This is the time of year when my legendary sunny personality turns grumpy. The reason? In a word — pantomime. One of the best months of the year for openings turns overnight into a theatrical desert in which common sense, artistic taste and intellectual rigor disappear into a welter of bathroom jokes, television comedians and painted canvas animals with two men inside them. In this country we have so little respect for our children that we subject them, every Christmas, to these appalling entertainments full of sexual innuendo, which they don't understand, and bad scriptwriting that is excused by labeling it traditional.
For those readers across the Atlantic who are lucky enough never to have been in England during "panto" season, I should explain. I can give you a lot of guff about how it grew out of commedia del'arte in the 16th century — touring companies of actors around Europe performing simple plots with stock characters, such as Harlequin, Columbine, Pantaloons and Pierrot — and how it subsequently developed from dumb show to spoken and sung entertainments in the 18th century, and what happened to it after that, but what it has now, in the 21st century, developed into is what I think of as a specifically English form of theatrical torture.
Fairy tales — "Babes in the Wood," "Snow White," "Cinderella," "Ali Baba," and so on — are purloined by theatre companies the length and breadth of Britain and served up to the nation's children, decorated with terrible songs, to many of which the kids are asked to sing along, as theatre. Children are encouraged to shout back at the characters and are very often brought up on stage as part of the action. There is a large cast of singers and dancers, specialty acts that have nothing to do with the plot (they're often the best bits) and as much sparkle and spangle as the hard-pressed theatre can afford.
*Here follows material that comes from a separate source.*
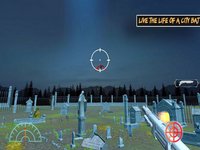 Hunter Night: Hunting Bat Mons screenshot, image №1835264 - RAWG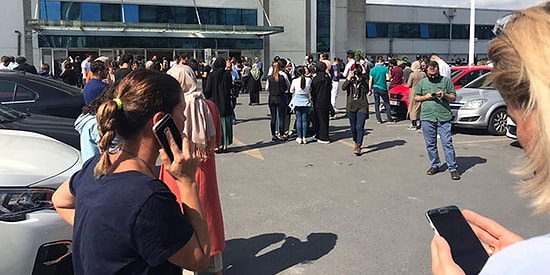 İletişim Sağlanamamıştı: GSM Operatörlerine Toplam 14 Milyon TL 'Deprem Cezası' Kesildi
The tradition is that the two leading roles are always played by actors of opposite gender. The Principal Boy is usually a pair of female legs attached to a delectable form that has competed on "Strictly Come Dancing" or some other reality show, while the Dame is usually a well-known burly comedian with hairy legs wearing shock-horror dresses which he changes with every scene. This is often the character whose script, while pretending to entertain the children, is replete with sexual images meant for their parents. For reasons I have never fathomed, sometimes great actors queue up to play these roles. On one recent year, Ian McKellen was the Dame and Roger Allam played Abanazer in a specially mounted (and sold out) production of Aladdin at the Old Vic, no less.
But the real problem is that these shows, which are neither real musical theatre nor plays, are in almost every case the only live theatre that England's children will get to see all year. I would have no objection if they were simply part of the rich tapestry that is British theatre, seen alongside many other shows during the year, but for many these are the only experience they will have until they are adults. No wonder the theatre is declining among the young.
It should also be stated, as firmly as possible, that London particularly and our other big cities as well, produce wonderful theatre for children and young people throughout the year. It is harder to find audiences for these brilliant, thoughtful, and humorous productions because there is no longer the habit of taking children to the theatre from an early age. Except, every Christmas, to a panto.
I thought pantos were silly, unfunny and boring when I was six years old and I still do. So, as Scrooge would say, "Bah, humbug!"